When the play opens there’s a terrible storm. A ship has been sunk and the crew washed ashore, along with lots of booze. Even out here in the middle of nowhere, there’s always something going on; life’s just one darn thing after another. Obviously this little faraway island isn’t much better than the rat race back home. Still, it’s a wondrous island, full of music and magic and love. When Miranda first sees the stranded sailors from Naples she exclaims How many goodly creatures are there here! How beauteous mankind is! O brave new world, That has such people in't! Of course not all these “goodly creatures” are “beauteous” at all. There are also drunkards, thieves, assassins, rapists, cowards and fools included in the bunch. Miranda is totally innocent of knowing about these kinds of men. What kind of Queen would she make back in Milan or Naples? What kind of education could she have received on a deserted island to prepare her for life in the big city, much less all the intrigues involved in courtly life?

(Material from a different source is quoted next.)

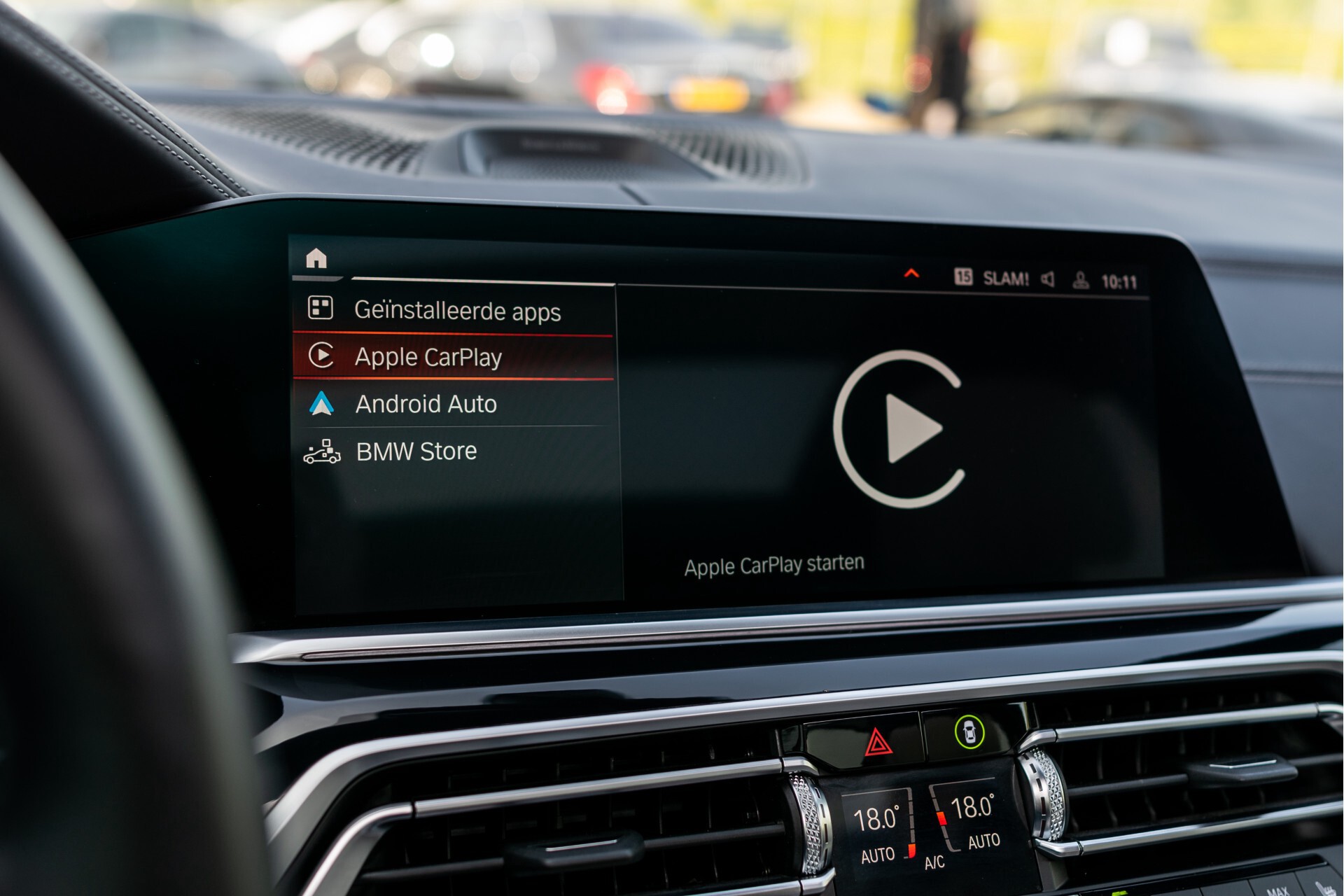 BMW X5 M50d Nieuwprijs €178118 B&W | Entertainment | Individual . Foto 24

And what good did education do Caliban? He says You taught me language; and my profit on't Is, I know how to curse: the red plague rid you, For learning me your language. Caliban doesn’t want to be educated. He only wants to be in charge of the island and left to do what he wants to do; including having sex with Miranda. But to be fair, how much different is Caliban from the “civilized” sailors from Naples? Caliban (half-man, half-beast) is really only doing what his nature requires. He’s up front about his desires and doesn’t try to hide them. The sailors are crafty and devious. Which is worse? And there’s a softer side to Caliban we rarely see. He tells the shipwrecked sailors from Naples to Be not afeard; the isle is full of noises, Sounds and sweet airs, that give delight and hurt not. Sometimes a thousand twangling instruments Will hum about mine ears, and sometime voices That, if I then had waked after long sleep, Will make me sleep again: and then, in dreaming, The clouds methought would open and show riches Ready to drop upon me that, when I waked, I cried to dream again. Caliban isn’t sophisticated but he knows what pleasure is, and he knows what pain is. He’s almost child-like in his attempt to fall back asleep and pick up where he left off in a good dream. Caliban retires into his dreams because his reality is so dismal. His mother was a witch, literally. We can only guess what kind of childhood Caliban had. In short, he’s lonely. He probably daydreams about getting away from it all; maybe someplace where there are lots of Miranda’s to choose from. Someplace far away, maybe a big city like Naples or Milan. Faraway islands have their problems too.